Seyoum Elias, Bitew Adane, Mihret Amete
Ethiopian Public Health Institute, Clinical Bacteriology and Mycology Research Case Team, Addis Ababa, Ethiopia.
Department of Medical Laboratory Sciences, College of Health Sciences, Addis Ababa University, Addis Ababa, Ethiopia.
BMC Infect Dis. 2020 Mar 19;20(1):231. doi: 10.1186/s12879-020-4883-5.
The spectrum of yeasts and their antifungal susceptibility profile are poorly known and treatment of fungal disease has remained empirical. The aim of this study is to determine the spectrum and antifungal susceptibility profile of yeasts particularly of Candida species.
A descriptive study on the composition of Candida species and antifungal susceptibility profile were conducted from January 2018 to September 2018. Clinical samples collected from different sites were cultured on Sabouraud dextrose agar and incubated for an appropriate time. Identification of yeast isolates and their antifungal susceptibility profile were determined by the VITEK 2 compact system. Descriptive statistics such as frequency and percentage of Candida species were calculated using SPSS version 20.
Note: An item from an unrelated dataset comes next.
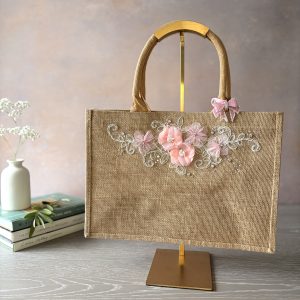 Hand embellished floral jute gift bag with pink blossom appliqué and decorative embroidery by Pomme d’Or.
Of 209 yeasts recovered, 104(49.8%), 90 (43.1%), 15(7.2%) were C. albicans, non albicans Candida species, and other yeasts, respectively. Among non albicans Candida species, Candida krusei was the commonest isolate. Of other yeast groups, 66.7% was represented by Cryptococcus laurentii. Regardless of Candida species identified, 85.6, 3.9, and 10.5% of the isolates were susceptible, intermediate, and resistant to fluconazole, respectively. C krusei was 100% resistant to the drug. Voriconazole demonstrated the greatest antifungal activity against Candida isolates in which 99.4% of Candida isolates were susceptible. The susceptibility and the resistance rate of Candida isolate to both caspofungin and micafungin were the same being 96 and 4% respectively. However, micafungin was more potent than caspofungin. The susceptibility, resistant, and intermediate rates of yeasts against flucytosine were, 86.2, 6.6, and 7.2%, respectively.
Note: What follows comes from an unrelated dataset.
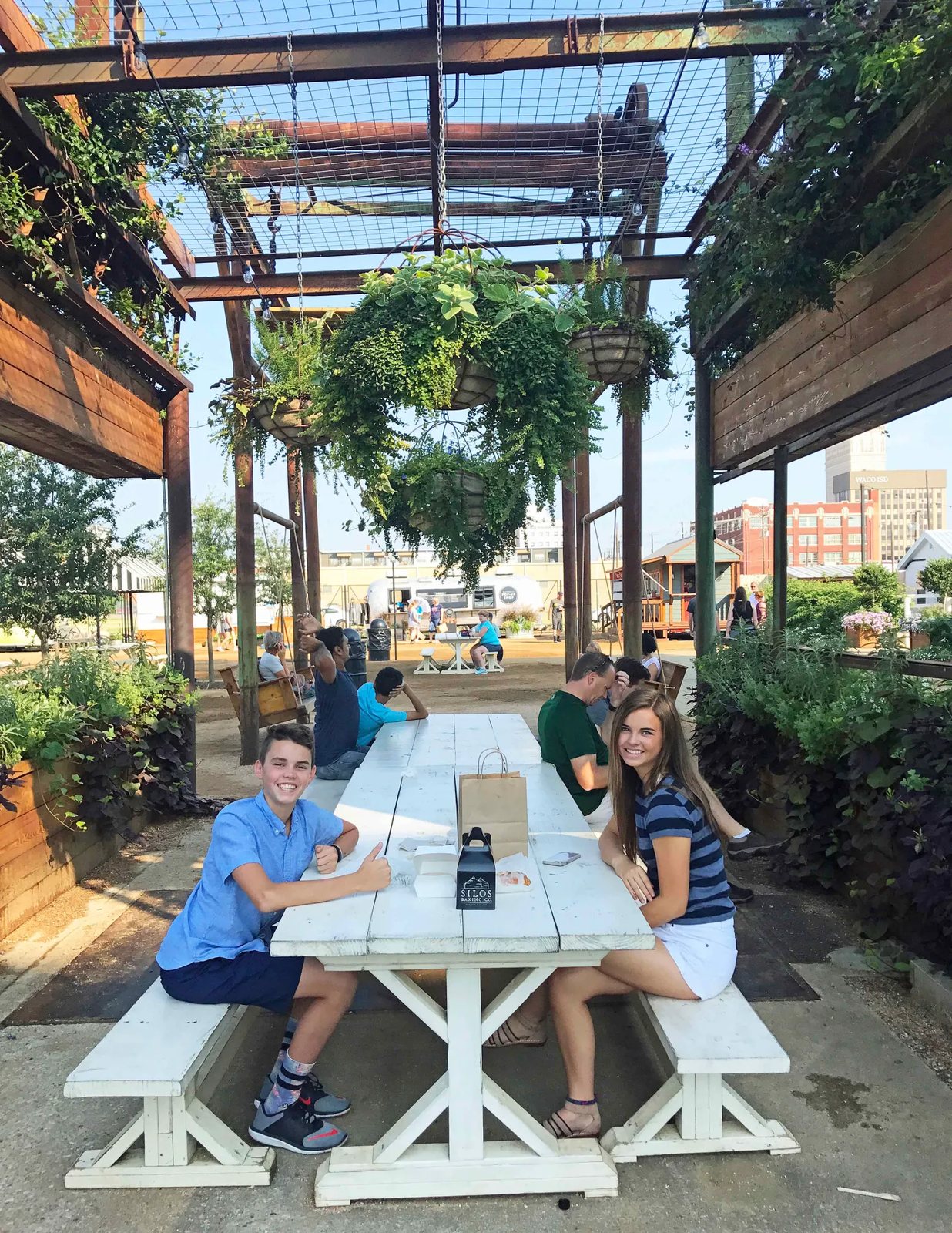 How to plan the perfect trip to Magnolia Market at the Silos in Waco Texas. Magnolia Market was created by HGTV's Fixer Upper favorite couple, Chip and Joanna Gaines. Visit Magnolia Market, Silo Baking Co. and the beautiful grounds. Tips for planning a trip to Magnolia Market. www.modernhoney.com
The present study demonstrated the distribution of Candida species in different clinical specimens where the isolation rate of non-albicans Candida species was comparable to Candida albicans. The high resistance rate of C. krusei to fluconazole and flucytosine may demonstrate that the treatment of candidiasis empirically is questionable.
酵母菌的种类及其抗真菌药敏谱鲜为人知,真菌疾病的治疗一直是经验性的。本研究的目的是确定酵母菌尤其是念珠菌属的种类及其抗真菌药敏谱。
于2018年1月至2018年9月对念珠菌属的组成及其抗真菌药敏谱进行了描述性研究。从不同部位采集的临床样本接种于沙氏葡萄糖琼脂培养基上,并培养适当时间。采用VITEK 2 compact系统对酵母菌分离株进行鉴定及其抗真菌药敏谱分析。使用SPSS 20版计算念珠菌属的频率和百分比等描述性统计数据。
在分离出的209株酵母菌中,白色念珠菌、非白色念珠菌和其他酵母菌分别为104株(49.8%)、90株(43.1%)、15株(7.2%)。在非白色念珠菌中,克鲁斯念珠菌是最常见的分离株。在其他酵母菌组中,罗伦隐球菌占66.7%。无论鉴定出何种念珠菌属,分别有85.6%、3.9%和10.5%的分离株对氟康唑敏感、中介和耐药。克鲁斯念珠菌对该药物的耐药率为100%。伏立康唑对念珠菌分离株显示出最大的抗真菌活性,其中99.4%的念珠菌分离株敏感。念珠菌分离株对卡泊芬净和米卡芬净的敏感率和耐药率相同,分别为96%和4%。然而,米卡芬净比卡泊芬净更有效。酵母菌对氟胞嘧啶的敏感率、耐药率和中介率分别为86.2%、6.6%和7.2%。
本研究显示了念珠菌属在不同临床标本中的分布情况,其中非白色念珠菌的分离率与白色念珠菌相当。克鲁斯念珠菌对氟康唑和氟胞嘧啶的高耐药率可能表明经验性治疗念珠菌病存在疑问。